New Brazilian restaurant aims to create a home for 'forgotten' neighbourhood in Toronto

Opening a new Brazilian restaurant in a Toronto neighbourhood where locals have felt “forgotten” was about creating a home for customers seeking one, the owner says.
“I've had people come in and cry. The day of our opening, there was a guy that came in and he told me, ‘I've been here for 12 years, I cannot afford going home for 12 years,” Thais Ferreira, owner of Girl from Ipanema, told CTV News Toronto.
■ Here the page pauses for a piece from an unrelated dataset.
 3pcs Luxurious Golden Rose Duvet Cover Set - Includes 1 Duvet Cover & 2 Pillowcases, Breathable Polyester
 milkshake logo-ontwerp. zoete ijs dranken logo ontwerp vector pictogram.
“You have a very typical Brazilian bread, which we were able to reproduce, and he said, ‘For me, having this it's like winning the lottery. I can literally miss home a little bit less now.’”
Ferreira grew up in Toronto, but if someone stopped her on the street and asked where she was from, she would say Brazil.
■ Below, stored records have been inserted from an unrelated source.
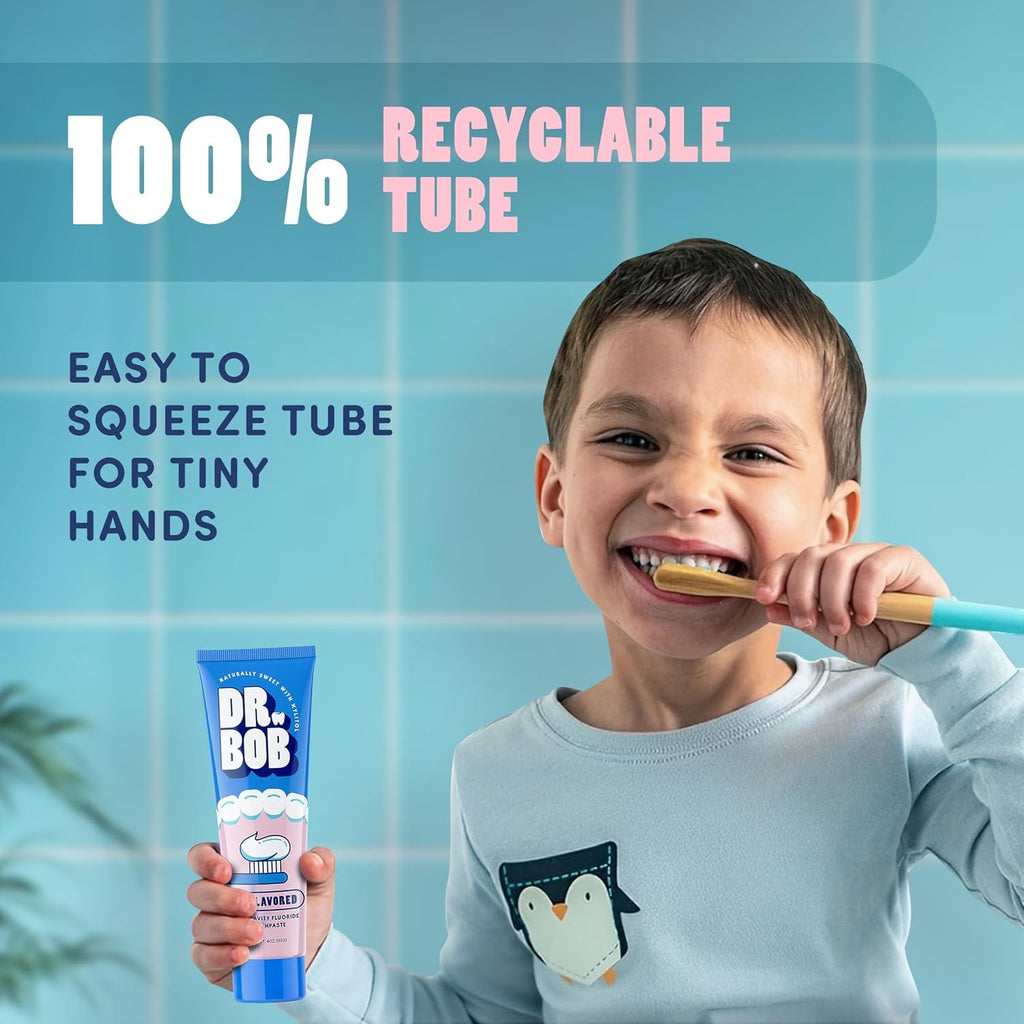 Kids Unflavored Fluoride Toothpaste - Dentist-Recommended for Sensitive Teeth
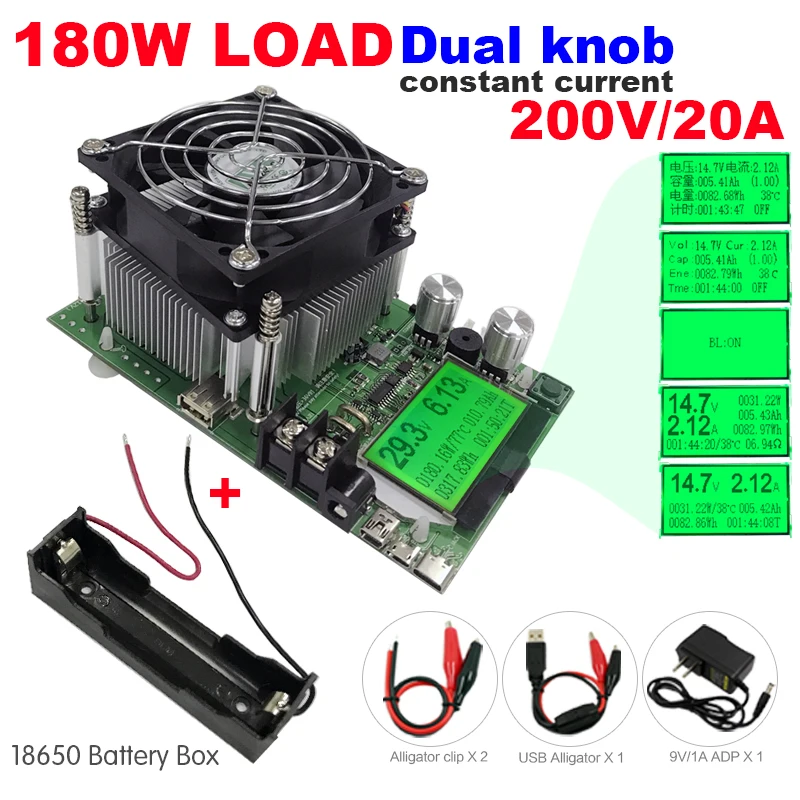 US $62.97 180w Digital Capacity Tester Power Supply Indicator Dc 200v Electronic Load Discharger Resistor Usb Check Test 18650 Battery Box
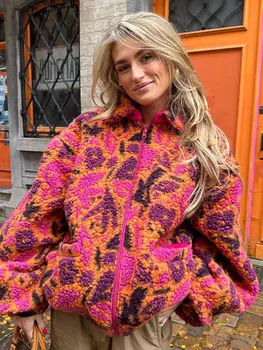 Reversible Print Fleece Faux Fur Coat Women 2023 Ilgomis rankovėmis atlapas su užtrauktuku Lambwool paltas Casual Oversized Šilta striukė Apatiniai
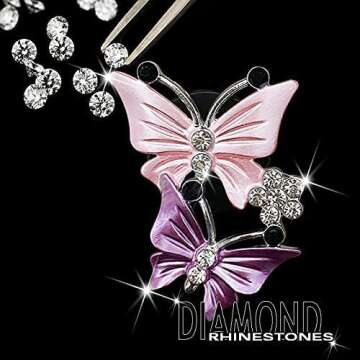 Butterfly Car Air Fresheners, Bling Car Accessories For Women, Cute Diamond Car Accessories Interior,Rhinestone Car Accessories,Car Charm Decorations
“It’s my identity,” she said.
That heritage comes from her Brazilian parents who now serve sugar cane juice and fry croquettes at the restaurant. “It’s a family business,” she said.
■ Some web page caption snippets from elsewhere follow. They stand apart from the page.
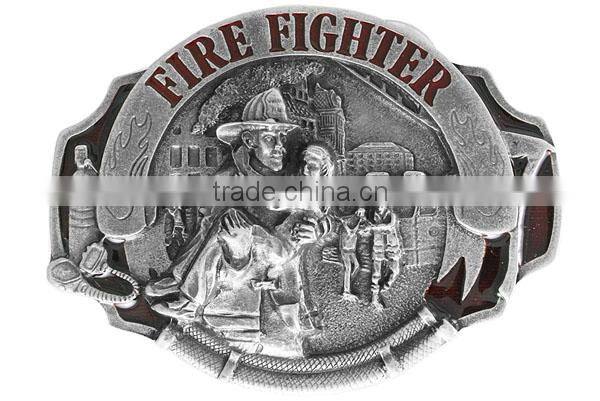 Lead & Nickel Free "Volunteer Firefighter" And Displays A Red Enamel-Filled Firetruck Metal Fridge Magnet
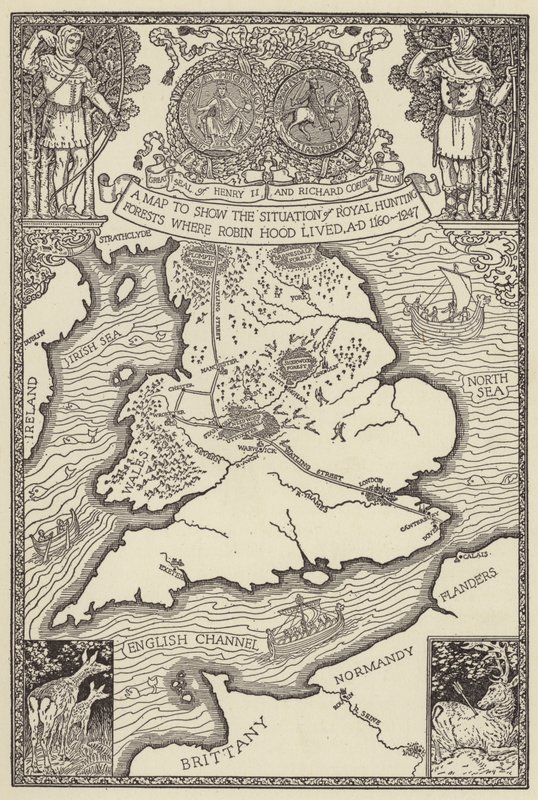 Um mapa para mostrar a situação das Florestas Reais de Caça onde Robin Hood viveu, AD 1160-1247 de Louis John Rhead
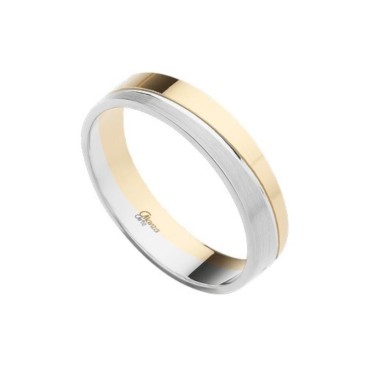 Alianza de oro en 4.5mm plana bicolor linea diagonal brillo y esmeril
For 14 years she has lived in the Dufferin Street and Eglinton Avenue area and knows first hand that it can be difficult to find a meal that’s walkable, she said.
Ferreira said customers have come in and told her that up until this point, they felt like the neighbourhood was “forgotten.”
“The neighboorhood needed this,” she added.

“It gives you a totally different taste, right? When you make something like you find at McDonald's and then you go into grandmother's house, it’s going to be different,”she said.
In the sweets section, that sentiment carries through from the homemade caramel foam they top their Rio cappuccino with to the brigadeiro and in-house berry jam that laces their vanilla cake.

“Now more than ever, I have a sense of belonging. For me, it’s a breakthrough.”